== Material shown

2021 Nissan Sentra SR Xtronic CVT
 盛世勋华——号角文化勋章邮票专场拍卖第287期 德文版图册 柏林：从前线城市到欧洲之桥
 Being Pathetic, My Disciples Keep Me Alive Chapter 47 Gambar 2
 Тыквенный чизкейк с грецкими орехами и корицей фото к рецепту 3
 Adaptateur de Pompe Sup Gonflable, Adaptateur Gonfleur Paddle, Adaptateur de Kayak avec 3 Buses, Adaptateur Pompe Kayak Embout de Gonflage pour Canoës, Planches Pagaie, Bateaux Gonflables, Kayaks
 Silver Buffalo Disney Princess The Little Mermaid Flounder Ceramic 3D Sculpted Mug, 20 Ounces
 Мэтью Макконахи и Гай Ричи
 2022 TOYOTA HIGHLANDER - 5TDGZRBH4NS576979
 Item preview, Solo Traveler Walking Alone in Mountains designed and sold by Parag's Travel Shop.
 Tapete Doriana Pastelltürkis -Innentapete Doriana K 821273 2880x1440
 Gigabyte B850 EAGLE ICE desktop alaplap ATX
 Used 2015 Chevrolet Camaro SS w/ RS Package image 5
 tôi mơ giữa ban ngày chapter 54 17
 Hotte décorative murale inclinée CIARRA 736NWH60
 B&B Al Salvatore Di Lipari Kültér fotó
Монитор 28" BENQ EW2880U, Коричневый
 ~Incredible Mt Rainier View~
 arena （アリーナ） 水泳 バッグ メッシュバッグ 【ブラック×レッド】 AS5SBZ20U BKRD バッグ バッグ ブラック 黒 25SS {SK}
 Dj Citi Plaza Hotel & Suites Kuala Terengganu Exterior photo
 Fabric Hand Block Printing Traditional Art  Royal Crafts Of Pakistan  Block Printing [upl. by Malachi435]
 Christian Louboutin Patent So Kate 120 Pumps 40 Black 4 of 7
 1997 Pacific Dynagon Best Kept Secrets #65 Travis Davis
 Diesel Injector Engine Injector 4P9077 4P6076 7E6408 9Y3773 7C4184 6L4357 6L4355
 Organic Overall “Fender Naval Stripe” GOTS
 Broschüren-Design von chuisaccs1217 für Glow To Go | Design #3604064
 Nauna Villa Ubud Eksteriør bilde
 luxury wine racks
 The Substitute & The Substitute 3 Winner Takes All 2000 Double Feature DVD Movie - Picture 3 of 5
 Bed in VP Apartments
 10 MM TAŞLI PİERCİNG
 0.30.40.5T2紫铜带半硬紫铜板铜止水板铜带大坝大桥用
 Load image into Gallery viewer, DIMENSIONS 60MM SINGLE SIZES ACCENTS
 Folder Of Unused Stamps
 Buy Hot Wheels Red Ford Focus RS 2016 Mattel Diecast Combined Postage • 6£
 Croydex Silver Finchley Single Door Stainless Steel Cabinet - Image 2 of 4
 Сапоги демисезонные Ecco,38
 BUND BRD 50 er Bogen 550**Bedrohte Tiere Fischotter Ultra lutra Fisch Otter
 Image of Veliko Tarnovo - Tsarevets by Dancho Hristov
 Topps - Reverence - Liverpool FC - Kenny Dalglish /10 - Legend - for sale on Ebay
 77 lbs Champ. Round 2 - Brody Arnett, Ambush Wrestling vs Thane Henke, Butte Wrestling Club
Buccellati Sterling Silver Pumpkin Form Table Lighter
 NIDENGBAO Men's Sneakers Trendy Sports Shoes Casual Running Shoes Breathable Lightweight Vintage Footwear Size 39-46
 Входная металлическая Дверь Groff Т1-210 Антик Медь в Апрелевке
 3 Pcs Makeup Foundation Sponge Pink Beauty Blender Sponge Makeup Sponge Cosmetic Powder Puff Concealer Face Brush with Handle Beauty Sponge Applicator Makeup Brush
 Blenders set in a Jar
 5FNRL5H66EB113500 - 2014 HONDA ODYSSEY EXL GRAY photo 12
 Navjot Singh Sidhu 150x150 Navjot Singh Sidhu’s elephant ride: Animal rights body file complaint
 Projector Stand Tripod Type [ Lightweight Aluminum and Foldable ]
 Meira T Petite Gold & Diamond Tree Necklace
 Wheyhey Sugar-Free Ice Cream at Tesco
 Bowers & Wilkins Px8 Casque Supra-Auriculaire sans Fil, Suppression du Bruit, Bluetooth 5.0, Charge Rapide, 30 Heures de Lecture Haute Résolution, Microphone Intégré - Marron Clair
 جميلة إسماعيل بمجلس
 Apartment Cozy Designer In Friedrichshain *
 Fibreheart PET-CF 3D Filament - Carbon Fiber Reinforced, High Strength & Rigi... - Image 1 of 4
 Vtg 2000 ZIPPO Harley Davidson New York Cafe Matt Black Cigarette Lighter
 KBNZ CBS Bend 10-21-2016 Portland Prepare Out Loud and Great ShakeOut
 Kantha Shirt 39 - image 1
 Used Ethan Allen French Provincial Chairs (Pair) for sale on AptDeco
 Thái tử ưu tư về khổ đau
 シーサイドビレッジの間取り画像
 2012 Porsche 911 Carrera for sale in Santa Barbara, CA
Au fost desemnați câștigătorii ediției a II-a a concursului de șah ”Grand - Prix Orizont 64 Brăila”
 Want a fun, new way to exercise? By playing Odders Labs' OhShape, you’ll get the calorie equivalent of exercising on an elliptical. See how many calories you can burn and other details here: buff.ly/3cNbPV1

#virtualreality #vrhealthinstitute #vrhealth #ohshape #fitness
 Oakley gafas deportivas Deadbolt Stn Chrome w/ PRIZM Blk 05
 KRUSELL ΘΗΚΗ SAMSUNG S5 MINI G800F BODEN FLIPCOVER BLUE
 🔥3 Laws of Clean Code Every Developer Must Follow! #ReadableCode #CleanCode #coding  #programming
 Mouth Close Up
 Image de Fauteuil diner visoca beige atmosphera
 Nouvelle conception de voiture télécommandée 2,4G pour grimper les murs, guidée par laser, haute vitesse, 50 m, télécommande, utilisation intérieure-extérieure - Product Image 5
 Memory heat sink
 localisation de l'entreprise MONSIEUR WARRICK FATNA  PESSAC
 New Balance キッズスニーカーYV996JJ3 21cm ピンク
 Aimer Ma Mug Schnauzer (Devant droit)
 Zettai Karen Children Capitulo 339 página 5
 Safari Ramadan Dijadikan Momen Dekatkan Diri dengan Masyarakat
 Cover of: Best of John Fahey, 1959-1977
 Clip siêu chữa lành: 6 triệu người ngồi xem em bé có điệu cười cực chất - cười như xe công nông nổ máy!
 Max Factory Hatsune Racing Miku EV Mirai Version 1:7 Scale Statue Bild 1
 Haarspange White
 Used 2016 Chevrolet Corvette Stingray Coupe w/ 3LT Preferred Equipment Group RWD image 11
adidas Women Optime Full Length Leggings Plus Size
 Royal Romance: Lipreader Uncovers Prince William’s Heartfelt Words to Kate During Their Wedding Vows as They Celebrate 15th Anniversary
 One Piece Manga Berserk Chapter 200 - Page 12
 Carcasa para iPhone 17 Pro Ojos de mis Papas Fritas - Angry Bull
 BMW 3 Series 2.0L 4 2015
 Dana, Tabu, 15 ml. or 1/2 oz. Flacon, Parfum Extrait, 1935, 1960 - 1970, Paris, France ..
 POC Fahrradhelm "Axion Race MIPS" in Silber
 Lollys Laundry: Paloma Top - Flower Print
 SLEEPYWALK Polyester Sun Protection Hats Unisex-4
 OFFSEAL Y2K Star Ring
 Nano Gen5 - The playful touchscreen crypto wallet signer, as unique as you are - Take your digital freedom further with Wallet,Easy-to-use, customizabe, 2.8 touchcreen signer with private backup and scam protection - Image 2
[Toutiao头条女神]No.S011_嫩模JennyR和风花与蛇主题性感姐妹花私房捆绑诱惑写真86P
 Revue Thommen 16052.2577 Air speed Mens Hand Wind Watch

====

• What the exercise asks: In the entries above, the lines from the one bearing "Memory heat sink" up to and including the one bearing "Safari Ramadan Dijadikan" should be transcribed exactly; no other line is wanted.

• Output of the exercise:
 Memory heat sink
 localisation de l'entreprise MONSIEUR WARRICK FATNA  PESSAC
 New Balance キッズスニーカーYV996JJ3 21cm ピンク
 Aimer Ma Mug Schnauzer (Devant droit)
 Zettai Karen Children Capitulo 339 página 5
 Safari Ramadan Dijadikan Momen Dekatkan Diri dengan Masyarakat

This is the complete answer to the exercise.